The 5 Most Important Things to consider when Automating Machine Builds to be Consumed from a Catalog

In this article I am going to discuss what I think are the 5 most important things you need to consider when Automating machine / server / VM builds from a catalog.

I always consider this firstly from the End User / Customer who will be using the Catalog and then from those that have to manage and troubleshoot the machines that result from the build. Sometimes if the infrastructure team is automating the build it is tempting to put the Customer second and our own needs first, don't fall in to that trap. Customer is always king.

1. SPEED OF YOUR DEPLOYMENT

I feel the need, the need for speed.

The most important thing driving me when automating is SPEED. I think it is also the most underestimated factor of a server build, especially by infrastructure teams. Often because once the server build is happening and after it is successful, the priority is just to make sure it has everything in it and say Job Done. I would argue from the outset to the time the build is really finished the speed of deployment should be a defining factor.

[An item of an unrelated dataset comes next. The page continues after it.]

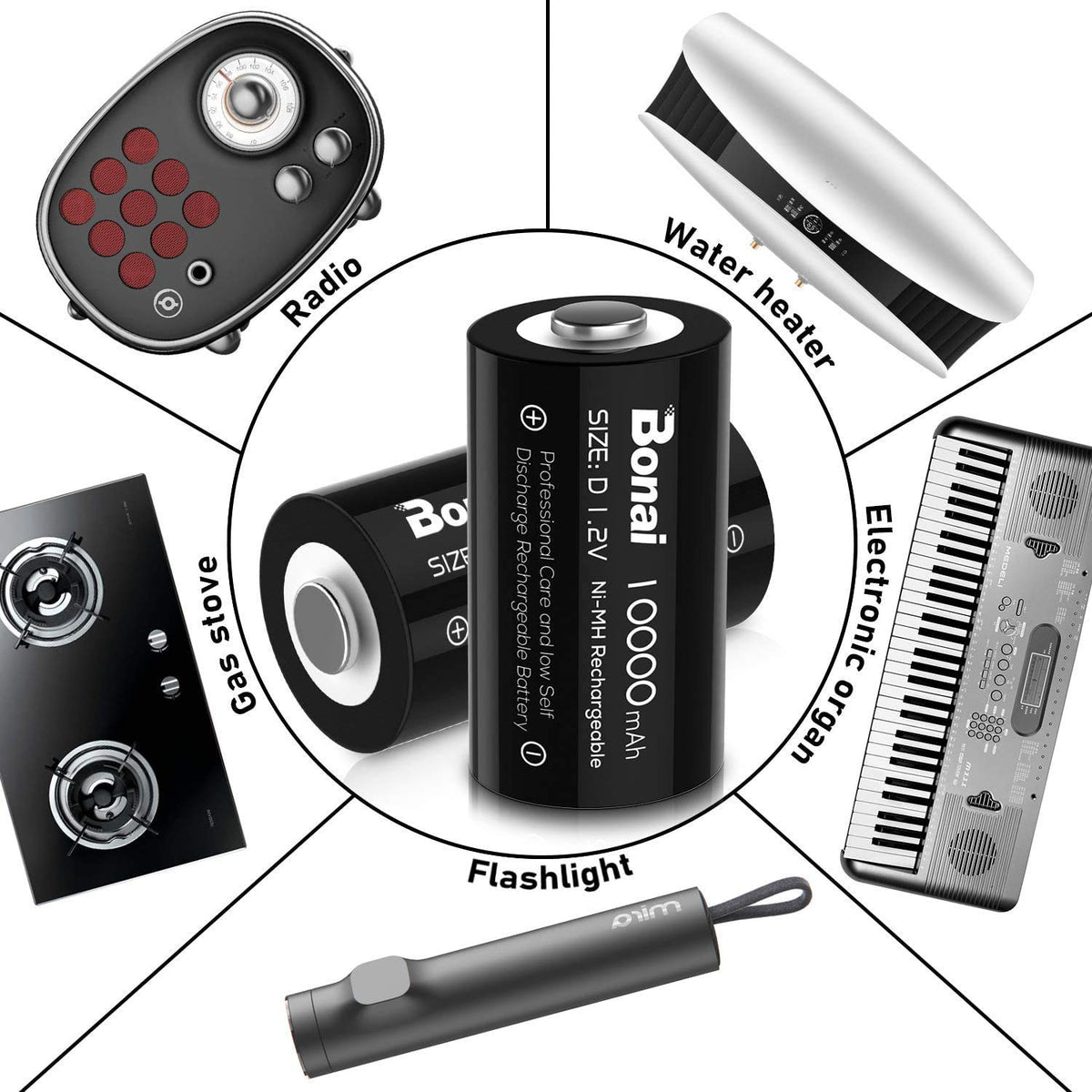 Rechargeable D Batteries 8 Pack X750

If you want automated builds to be used especially from a consumer in a Catalog, the faster the deployment the better, especially when the end user is a developer. I target Sub 15 minute builds as a starting point. Preferably 10 minutes, and then start factoring in installing software. If your build is taking 30+ minutes, I would start working out how it can be faster as a priority. If its between 15-30 minutes, make sure every future iteration improves on this and it doesn't continue to increase.

For a minute, imagine you are a developer requesting a machine from the catalog. If we look at it from this point of view you might think: I have multiple ways to work, I can write code on my laptop, I can stand up VMs on my laptop in Vagrant, VM workstation or something similar and write code there. I am used to a Cloud like service, chances are I have built and worked on code in AWS, Azure, Digital Ocean or similar. I expect machines in less than 15 minutes and if I don't get them at least that fast I just won't use your service, I'll keep doing what I'm doing or go somewhere else where I get what I want.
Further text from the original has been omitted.